A very meaningful number

When I started this blog last year, I learned pretty quickly that promotion is important. The Internet, and especially the blogosphere, doesn’t come knocking on your virtual door. So I applied, and was accepted, to the page back in September. It was a great feeling to see my face on their web page for about a week or so, but more importantly than that, people started to click on the link to this page. The page views spiked upward, and they haven’t stopped since.

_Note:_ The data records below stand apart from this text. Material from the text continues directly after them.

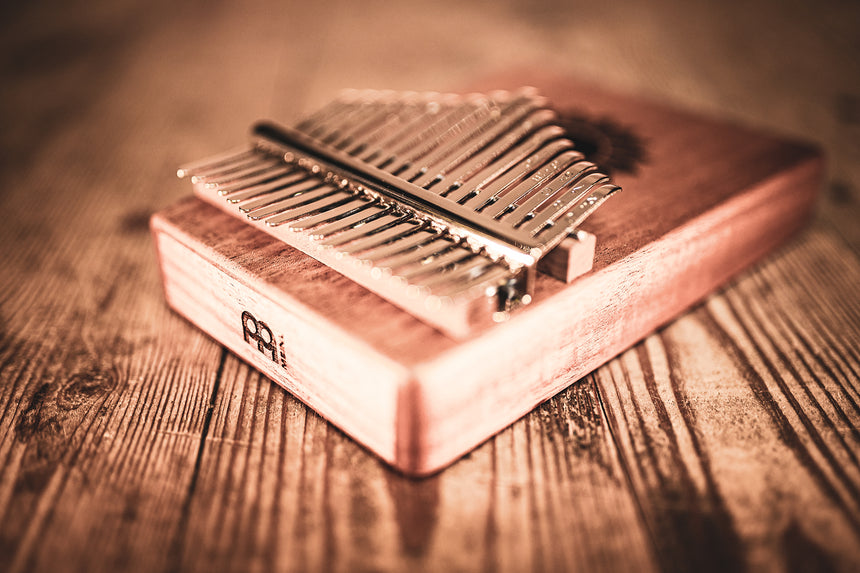 MEINL Sonic Energy Sound Hole Kalimba, 17 Töne, mahogany matte - Musik-Ebert Gmbh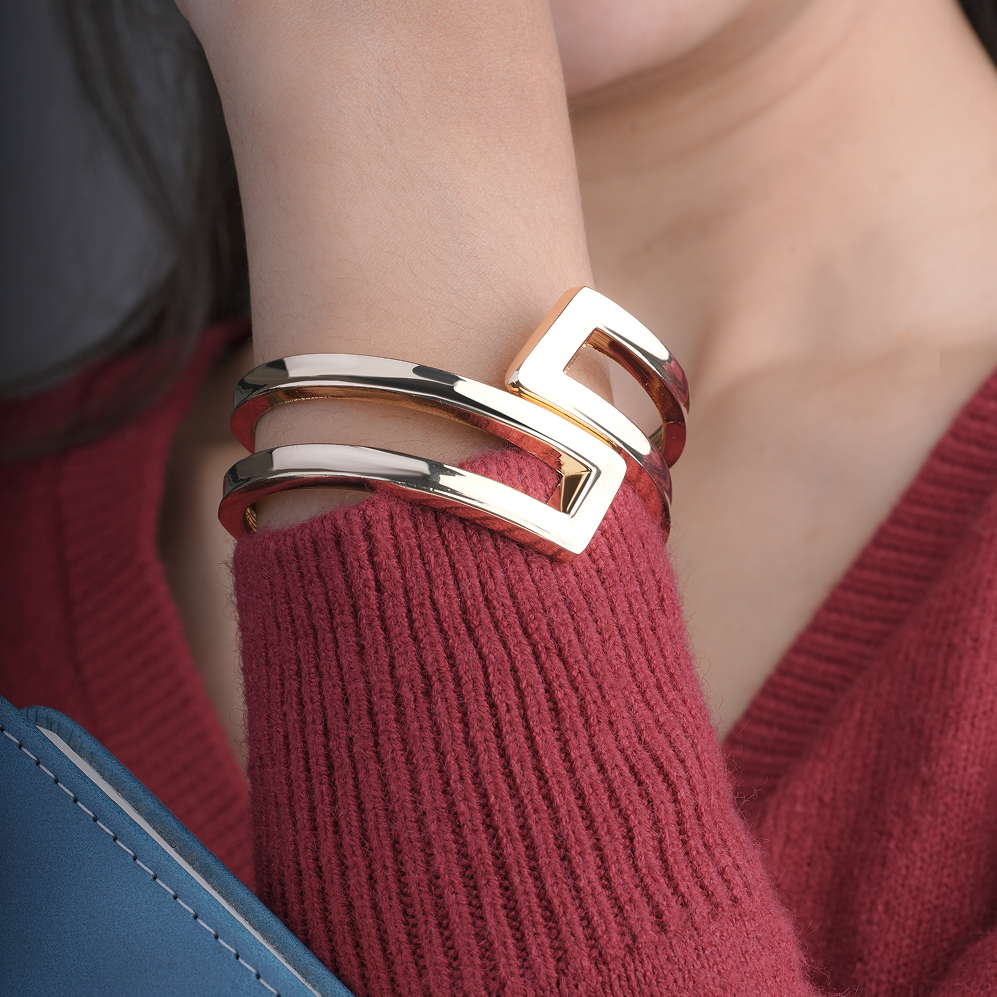 Linear Gold Bracelet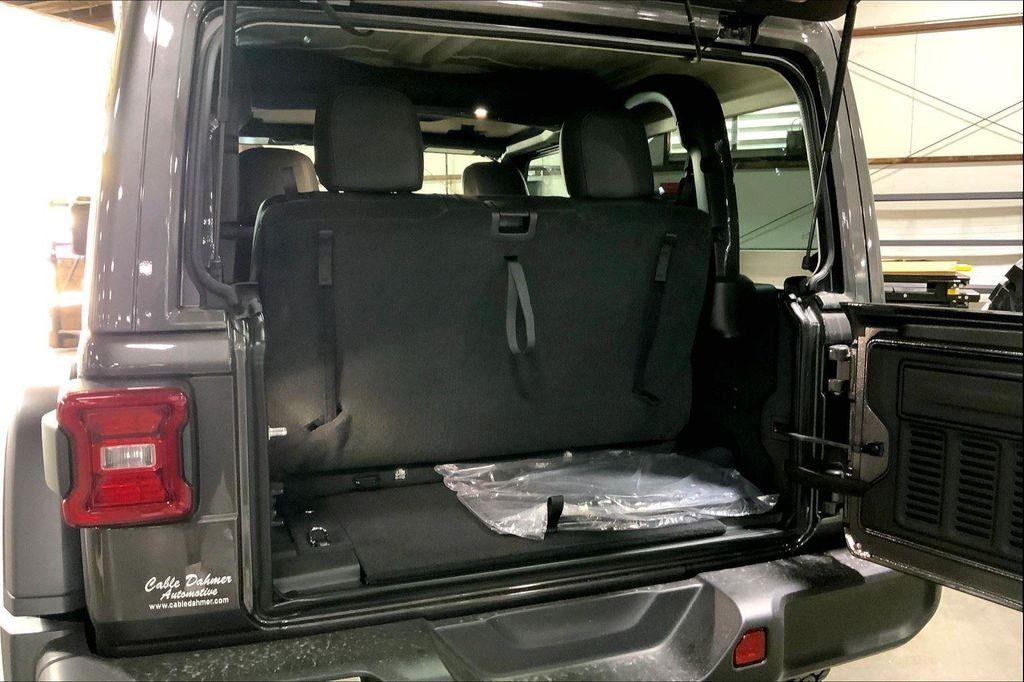 new 2025 Jeep Wrangler car, priced at $46,566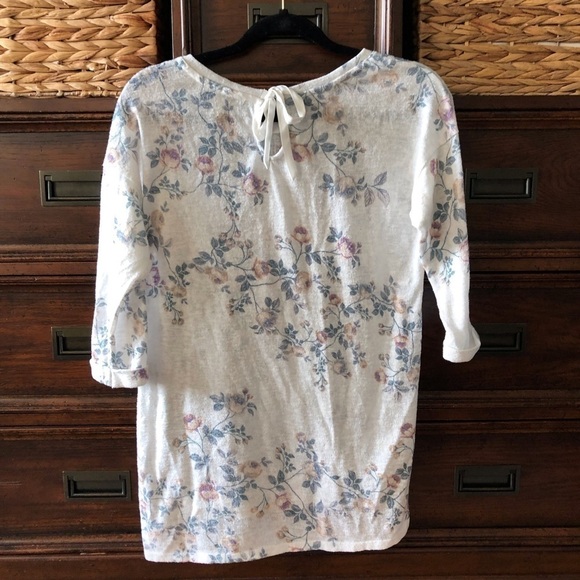 Lauren Conrad Runway lightweight floral sweater in size M - Picture 3 of 6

What I didn’t know at the time was that the MLB blogs page also tracks pages and ranks them at the end of each month. They recently released a list of the top 100 fan blogs for 2011, and I was honored to appear on the list as #31. Not too bad for a blog that didn’t come into being until the middle of June. This gives me an opportunity to write about the  number 31 which, for a Cubs fan like me, has great significance.

The first great Cubs player to wear #31 was Ferguson Jenkins. He pitched for the Cubs from 1966-1973, and again from 1982-1983. In his first run with the Cubs, he won 20 or more games for six straight seasons. To put that into some perspective, consider that after he left the Cubs, some thirty-nine seasons ago, the Cubs have had just three 20 game winners in a single season, and none of them did it more than one time. And in case you’re curious, they were Rick Reuschel in 1977, Greg Maddux in 1992, and Jon Lieber in 2001.

After Jenkins returned to the Cubs and pitched his final game for them in 1983, there was nothing to do but to wait for the call to Cooperstown, and it came in 1991. One of the perks of being a Hall of Famer is being able to sign baseballs with “HOF” and the induction year, as Jenkins once did for me on the ball shown below. And yes, I know that he’s a Canadian, but I had just come from Disney World, and let’s just say it’s hard to find regular baseballs when you’re there. I was lucky that I even had this one, and lucky that he obliged the autograph request. But here it is, in all its star-spangled glory.

The Cubs didn’t retire Jenkins’ number right away, because back in the early 1990s the only retired numbers belonged to Ernie Banks (#14) and Billy Williams (#26). The number 31 was assigned to a rookie named Greg Maddux in 1986, and he went on to win 20 games and a Cy Young Award in 1992, before leaving for Atlanta the following season. One can only wonder whether or not the Cubs could have won a pennant and a World Series in the 1990s, if Maddux had stayed in Chicago and been built around by Cubs’ management.

I saw Maddux pitch in person a few times, and the last time I saw him pitch at Wrigley–during his second stint with the Cubs in the mid 2000s–he was simply masterful. I told myself I’d never again see anyone as good at pitching as he was. May I be proven wrong in that assessment someday.

The Cubs decided to retire #31 for both Jenkins and Maddux in 2009, and their names now fly from the foul poles at Wrigley Field (Jenkins is in left field, and Maddux is in right). To have #31 attached to my blog, for whatever reason, allows me a moment to pay tribute to these two great pitchers, and to also give a special nod to the late Kevin Foster, an Evanston native who wore #31 while Maddux was pitching for the Braves.

To honor all of them in this space, I am also retiring #31 from any future posts here on BlueBattingHelmet. This applies to Dave Winfield (who I previously wrote about here) and probably a few others, as well.  I do, however, reserve the right to post something about Baskin-Robbins ice cream in this space at a future date.  Just give me a few months and I’ll think of some relevance for it.